Hive Table Migration #

Apache Hive supports ORC, Parquet file formats that could be migrated to Paimon. When migrating data to a paimon table, the origin table will be permanently disappeared. So please back up your data if you still need the original table. The migrated table will be unaware-bucket append-only table.

Now, we can use paimon hive catalog with Migrate Table Procedure and Migrate File Procedure to totally migrate a table from hive to paimon.

Migrate Table Procedure: Paimon table does not exist, use the procedure upgrade hive table to paimon table. Hive table will disappear after action done.
Migrate File Procedure: Paimon table already exists, use the procedure to migrate files from hive table to paimon table. Notice that, Hive table will also disappear after action done.

These two actions now only support file format of hive “orc” and “parquet”, if your table file is formatted in other format like avro, these procedures will fail. But we will support avro format in the future. Please make sure your table file format is in “orc” and “parquet” now.

We highly recommend to back up hive table data before migrating, because migrating action is not atomic. If been interrupted while migrating, you may lose your data.

Example for Migration #

Migrate Hive Table

Command:

CALL sys.migrate_table('hive', '<hive_database>.<hive_tablename>', '<paimon_tableconf>');

Example

CREATE CATALOG PAIMON WITH ('type'='paimon', 'metastore' = 'hive', 'uri' = 'thrift://localhost:9083', 'warehouse'='/path/to/warehouse/');

USE CATALOG PAIMON;

CALL sys.migrate_table('hive', 'default.hivetable', 'file.format=orc');

After invoke, “hivetable” will totally convert to paimon format. Writing and reading the table by old “hive way” will fail. We can add our table properties while importing by sys.migrate_table('.', ‘'). here should be separated by “,”. For example:

CALL sys.migrate_table('hive', 'my_db.wait_to_upgrate', 'file.format=orc,read.batch-size=2096,write-only=true')
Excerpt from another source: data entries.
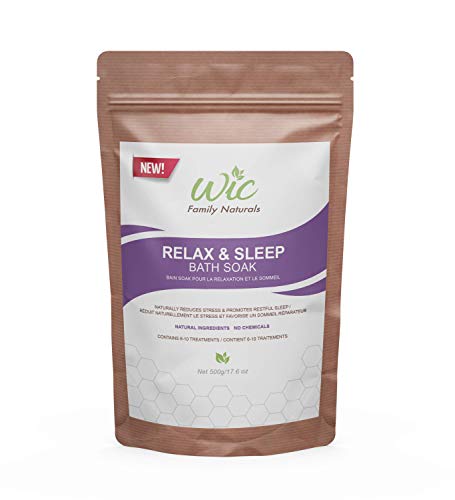 WIC Family Naturals Relax & Sleep Bath Soak, 6-10 Treatments Per Bag – Stress Relief, Relaxation & Restful Sleep Mineral Bath Salts w/Essential Oils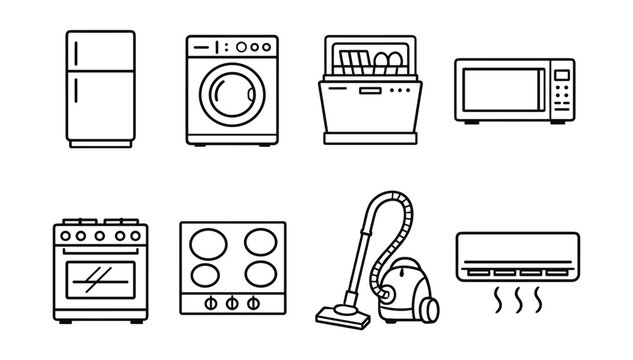 Household appliances line icons set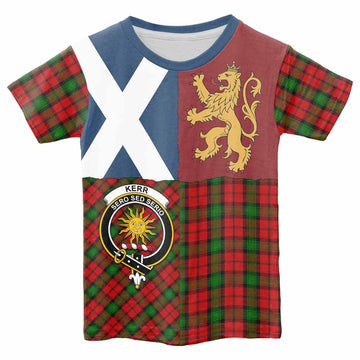 Kerr Crest Tartan Kid T-shirt with Lion Rampant Saltire Style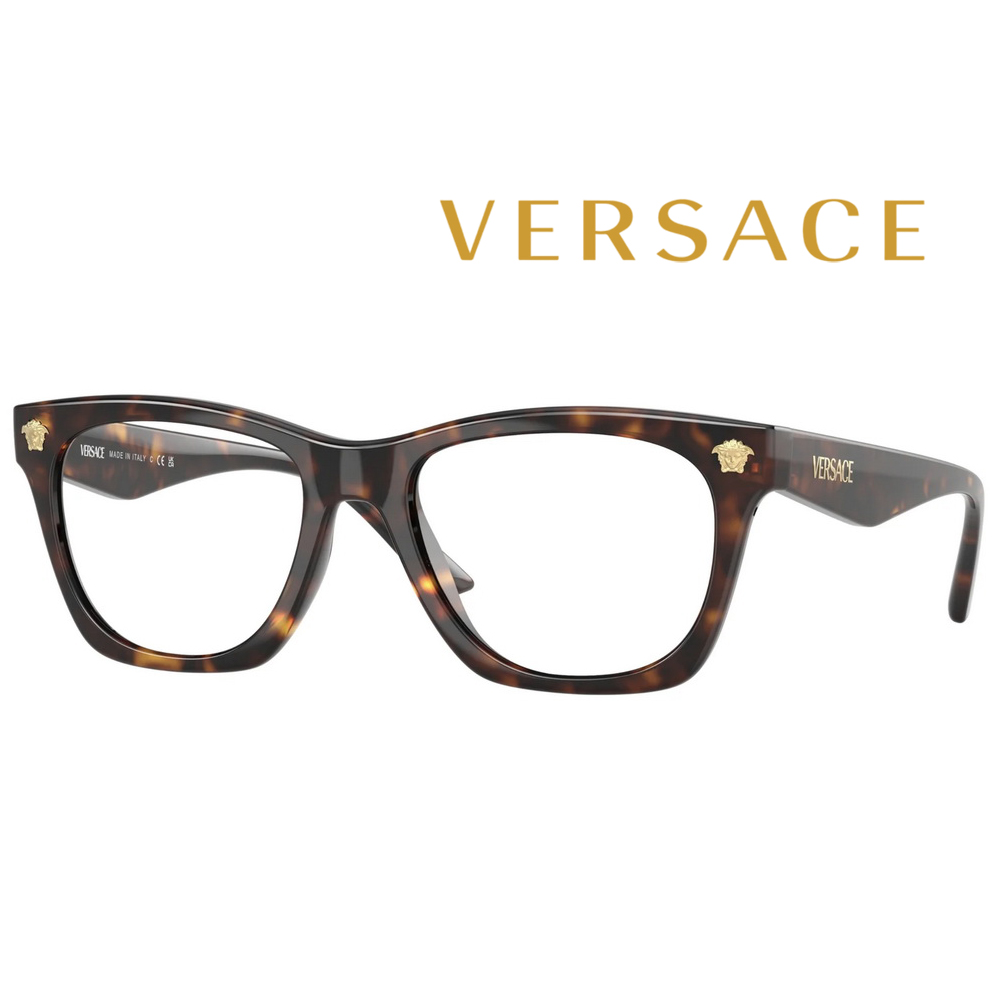 Versace 凡賽斯 亞洲版 輕量設計 時尚光學眼鏡 VE3363U 108 52mm 玳瑁色 公司貨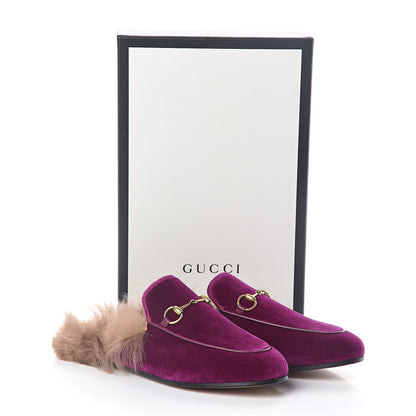 Gucci Velvet Fur Womens Princetown Slippers 38 Fucsia Violet Cyclamen Natural 8 of 8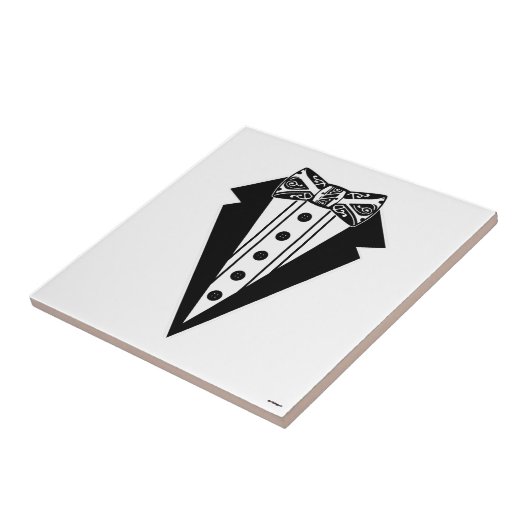 Krawatte mit schwarzem und weißem Bow mit Tux Fliese (Seite)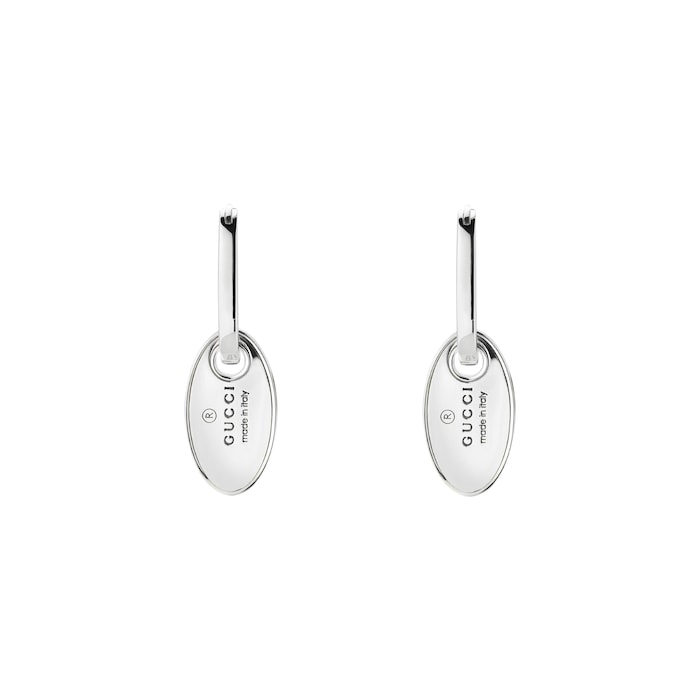 GUCCI Sterling Silver Trademark Oval Tag Drop Earrings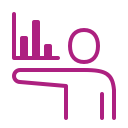 Icon of a presenter standing beside a bar chart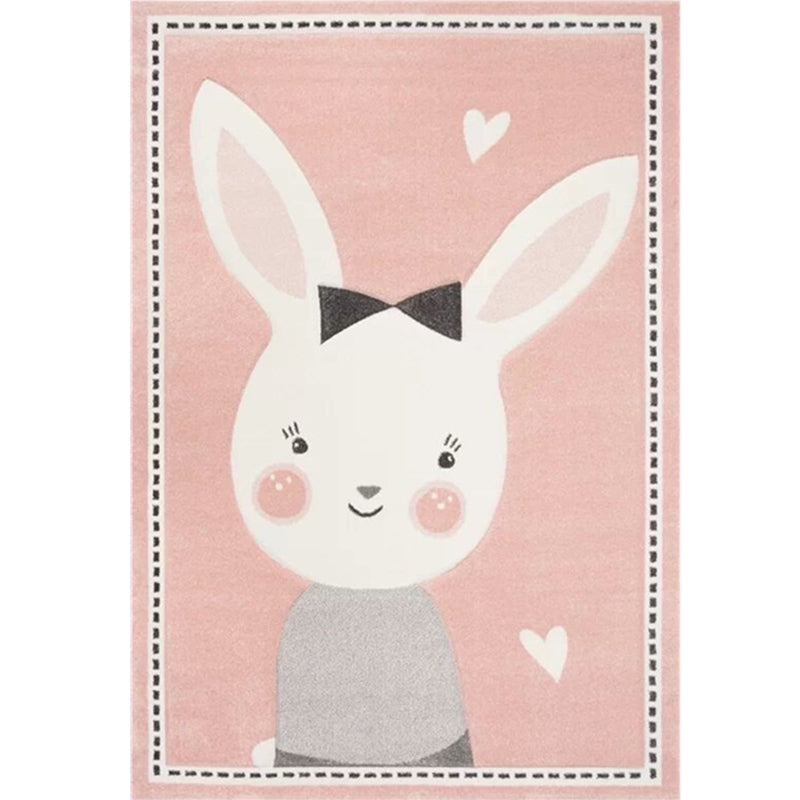 Simple Kids Bedroom Rug Multi Color Cartoon Animal Area Carpet Cotton Blend Pet Friendly Washable Rug Pink Clearhalo 'Area Rug' 'Rug' 2208227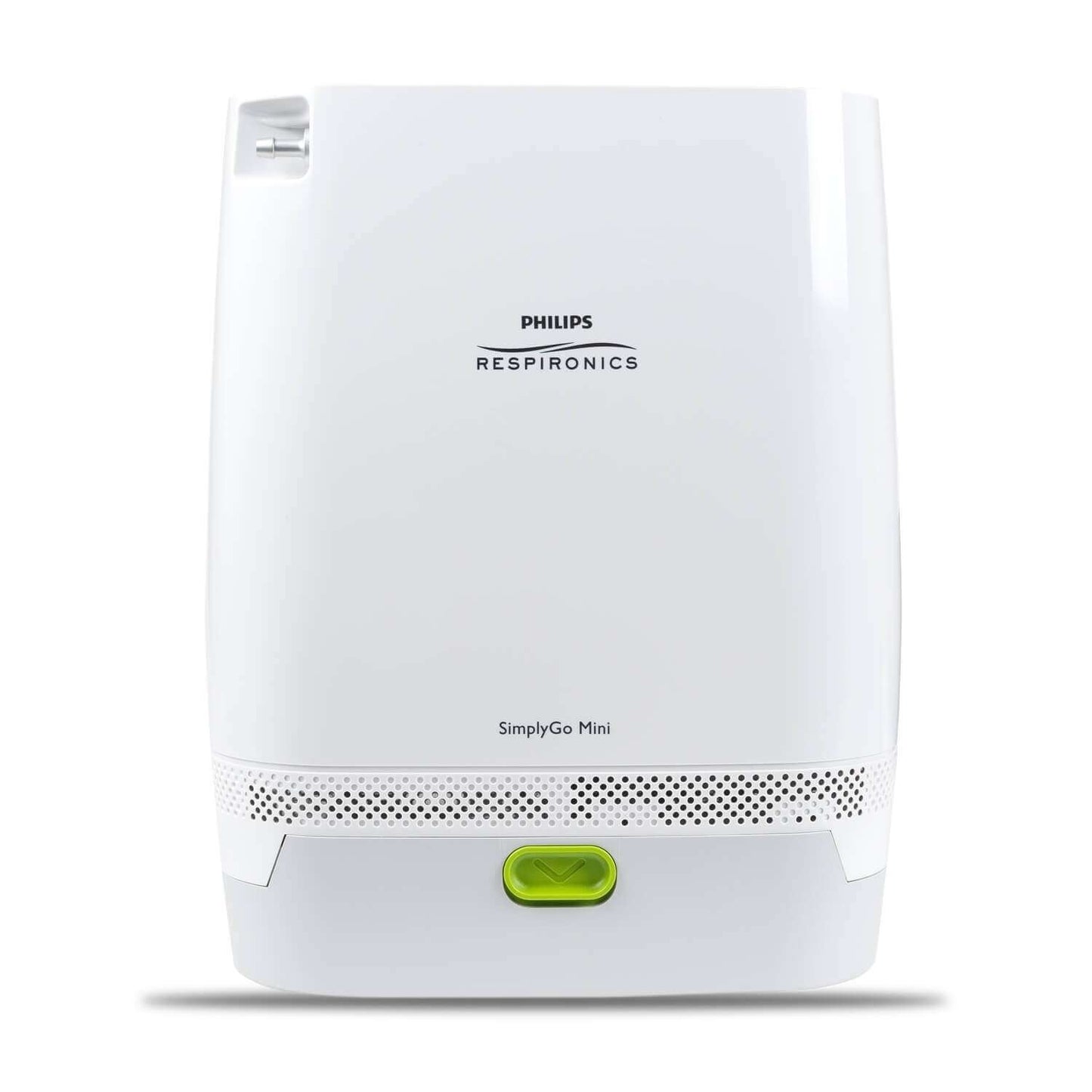 Philips Respironics SimplyGo Mini portable oxygen concentrator with extended battery front view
If your flink version is below 1.17, you can use flink action to achieve this:

<FLINK_HOME>/bin/flink run \
/path/to/paimon-flink-action-0.6.0-incubating.jar \
migrate_table
--warehouse <warehouse-path> \
--source_type hive \
--table <database.table-name> \
[--catalog_conf <paimon-catalog-conf> [--catalog_conf <paimon-catalog-conf> ...]] \
[--options <paimon-table-conf  [,paimon-table-conf ...]> ]

Example:

<FLINK_HOME>/flink run ./paimon-flink-action-0.6.0-incubating.jar migrate_table \
--warehouse /path/to/warehouse \
--catalog_conf uri=thrift://localhost:9083 \
--catalog_conf metastore=hive \
--source_type hive \
--table default.hive_or_paimon \

Migrate Hive File

Command:

CALL sys.migrate_file('hive', '<hive_database>.<hive_table_name>', '<paimon_database>.<paimon_tablename>');

Example

CREATE CATALOG PAIMON WITH ('type'='paimon', 'metastore' = 'hive', 'uri' = 'thrift://localhost:9083', 'warehouse'='/path/to/warehouse/');

USE CATALOG PAIMON;

CALL sys.migrate_file('hive', 'default.hivetable', 'default.paimontable');

After invoke, “hivetable” will disappear. And all files will be moved and renamed to paimon directory. “paimontable” here must have the same partition keys with “hivetable”, and “paimontable” should be in unaware-bucket mode.